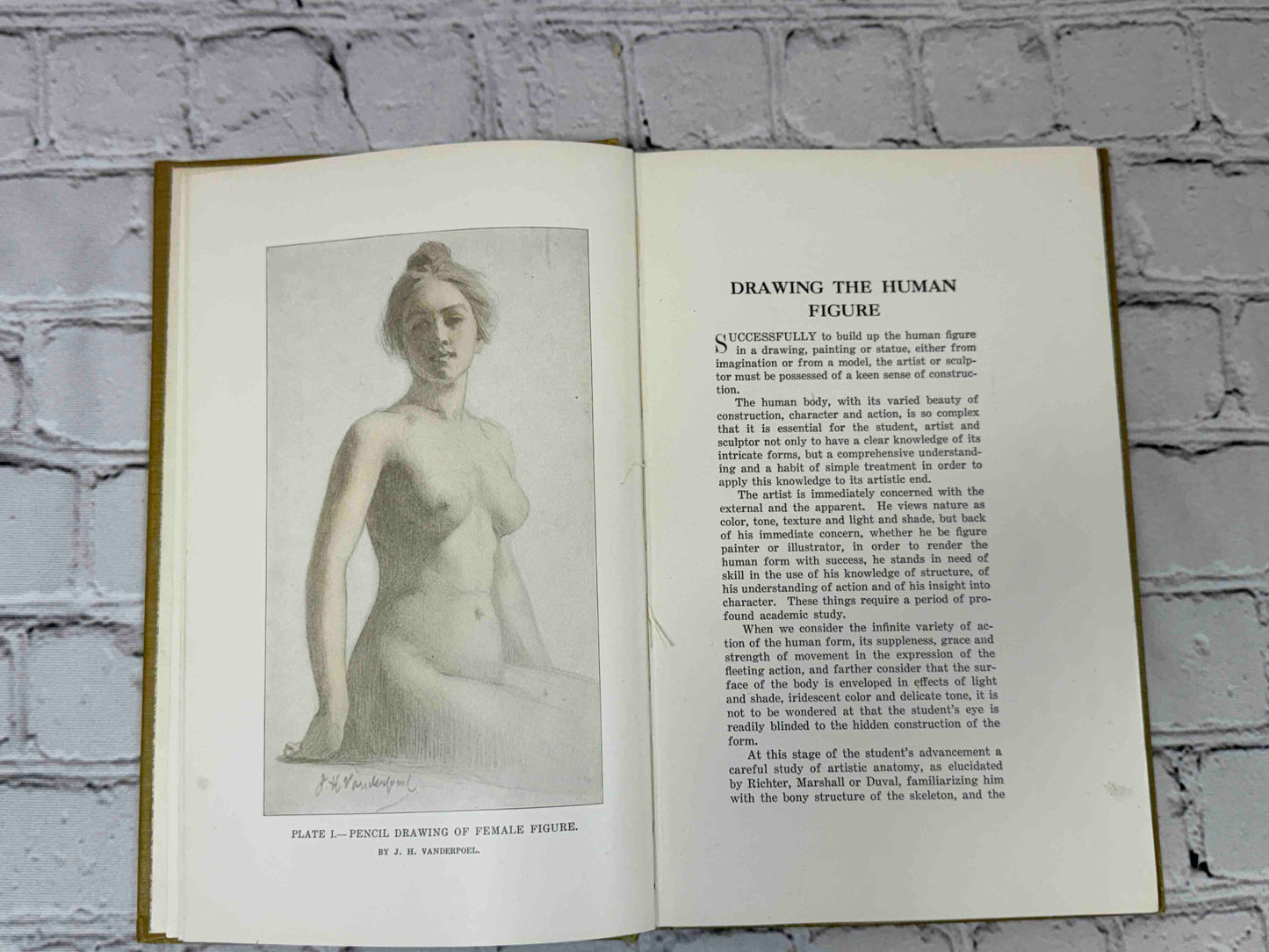 The human Figure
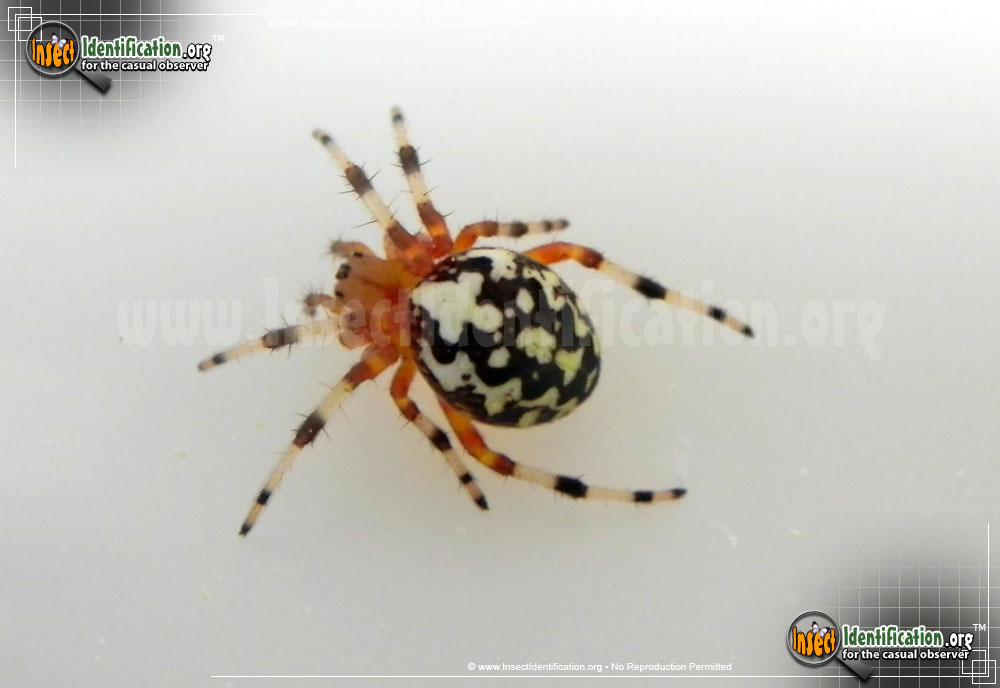 Full-sized image #3 of the Marbled-Orb-Weaver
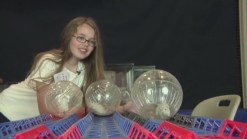 Gerbils Strut Their Stuff in Annual Pageant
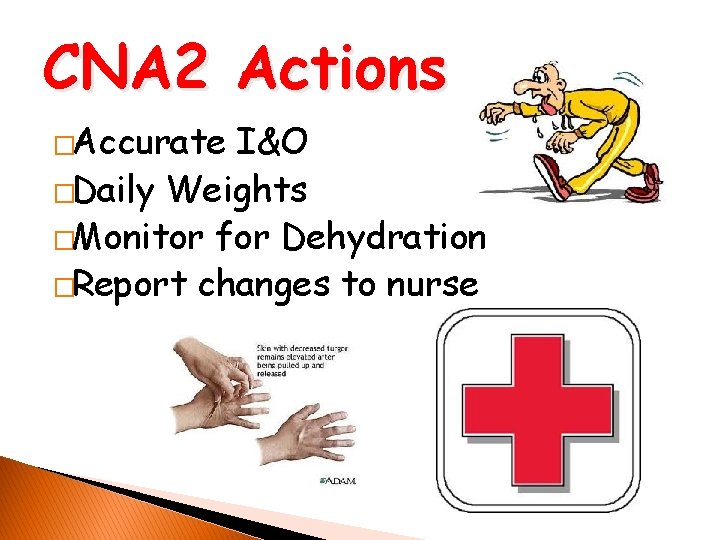 CNA 2 Actions �Accurate I&O �Daily Weights �Monitor for Dehydration �Report changes to nurse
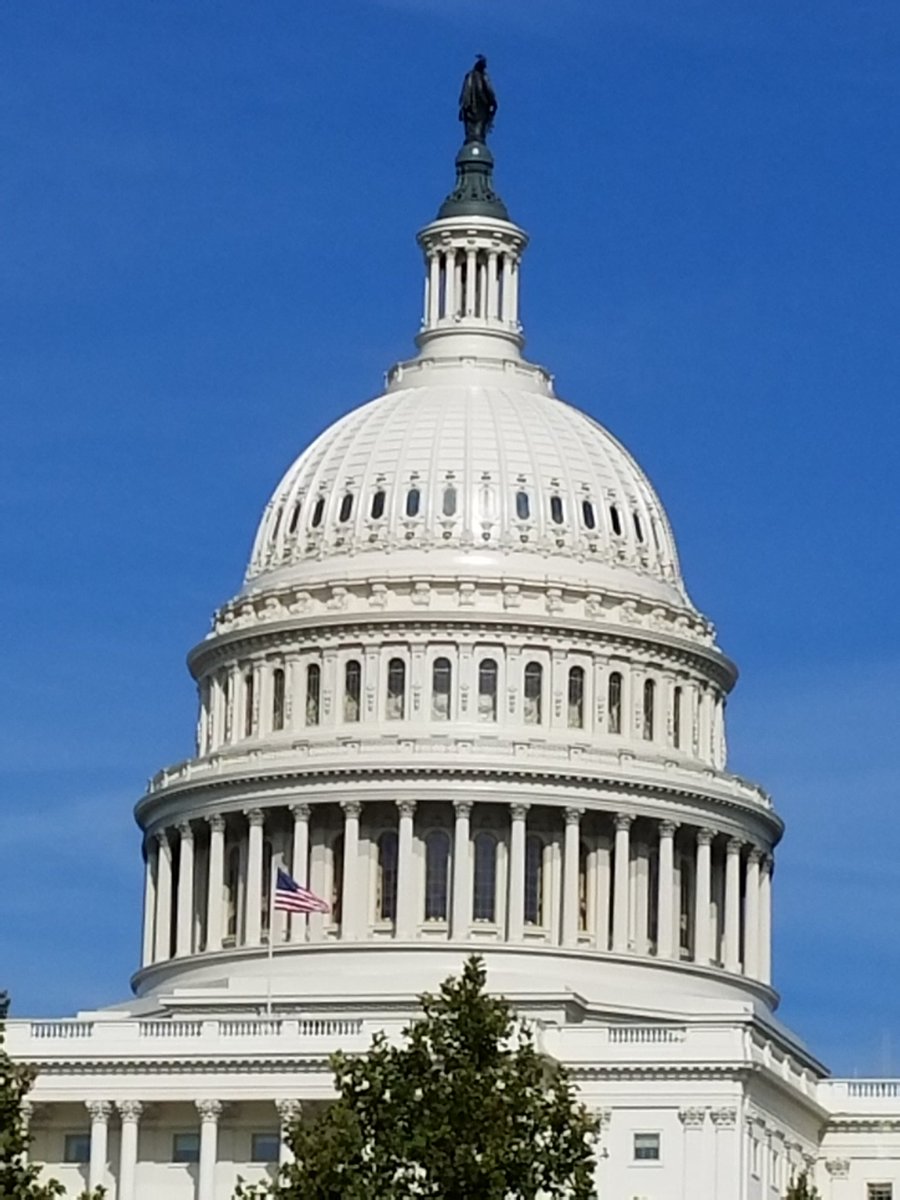 rfduval96's tweet photo. Nice afternoon touring the Capital and Library of Congress. Let's put it this way, Thomas Jefferson liked to read. #specticles https://t.co/fSiLCknL9f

_ _ _ _ _ _ _

Work to complete: Retype every entry above exactly, leaving out the pictures.

Response area:
 The human Figure
 Full-sized image #3 of the Marbled-Orb-Weaver
 Gerbils Strut Their Stuff in Annual Pageant
 CNA 2 Actions �Accurate I&O �Daily Weights �Monitor for Dehydration �Report changes to nurse
 rfduval96's tweet photo. Nice afternoon touring the Capital and Library of Congress. Let's put it this way, Thomas Jefferson liked to read. #specticles https://t.co/fSiLCknL9f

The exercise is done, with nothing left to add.